Identifying people with post-COVID condition using linked, population-based administrative health data from Manitoba, Canada: prevalence and predictors in a cohort of COVID-positive individuals

Affiliations

Identifying people with post-COVID condition using linked, population-based administrative health data from Manitoba, Canada: prevalence and predictors in a cohort of COVID-positive individuals

Alan Katz et al. BMJ Open. .

Abstract

Objective: Many individuals exposed to SARS-CoV-2 experience long-term symptoms as part of a syndrome called post-COVID condition (PCC). Research on PCC is still emerging but is urgently needed to support diagnosis, clinical treatment guidelines and health system resource allocation. In this study, we developed a method to identify PCC cases using administrative health data and report PCC prevalence and predictive factors in Manitoba, Canada.

Design: Cohort study.

Setting: Manitoba, Canada.

Participants: All Manitobans who tested positive for SARS-CoV-2 during population-wide PCR testing from March 2020 to December 2021 (n=66 365) and were subsequently deemed to have PCC based on International Classification of Disease-9/10 diagnostic codes and prescription drug codes (n=11 316). Additional PCC cases were identified using predictive modelling to assess patterns of health service use, including physician visits, emergency department visits and hospitalisation for any reason (n=4155).

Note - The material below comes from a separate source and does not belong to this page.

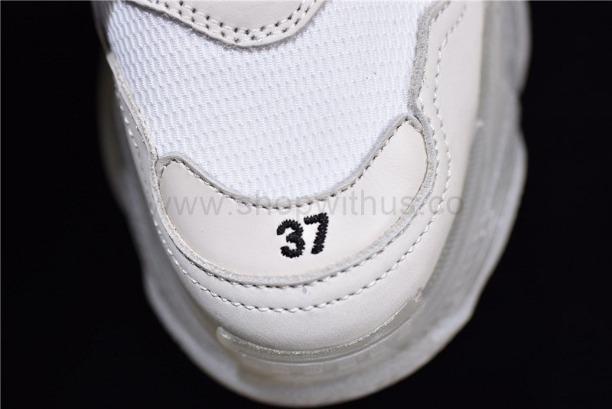 BalenciagaUnisex Triple S Clear Sole - White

Outcomes: We measured PCC prevalence as % PCC cases among Manitobans with positive tests and identified predictive factors associated with PCC by calculating odds ratios with 95% confidence intervals, adjusted for sociodemographic and clinical characteristics (aOR).

Results: Among 66 365 Manitobans with positive tests, we identified 15 471 (23%) as having PCC. Being female (aOR 1.64, 95% CI 1.58 to 1.71), being age 60-79 (aOR 1.33, 95% CI 1.25 to 1.41) or age 80+ (aOR 1.62, 95% CI 1.46 to 1.80), being hospitalised within 14 days of COVID-19 infection (aOR 1.95, 95% CI 1.80 to 2.10) and having a Charlson Comorbidity Index of 1+ (aOR 1.95, 95% CI 1.78 to 2.14) were predictive of PCC. Receiving 1+ doses of the COVID-19 vaccine (one dose, aOR 0.80, 95% CI 0.74 to 0.86; two doses, aOR 0.29, 95% CI 0.22 to 0.31) decreased the odds of PCC.

Conclusions: This data-driven approach expands our understanding of the prevalence and epidemiology of PCC and may be applied in other jurisdictions with population-based data. The study provides additional insights into risk and protective factors for PCC to inform health system planning and service delivery.

Keywords: COVID-19; Epidemiology; Post-Acute COVID-19 Syndrome; SARS-CoV-2 Infection.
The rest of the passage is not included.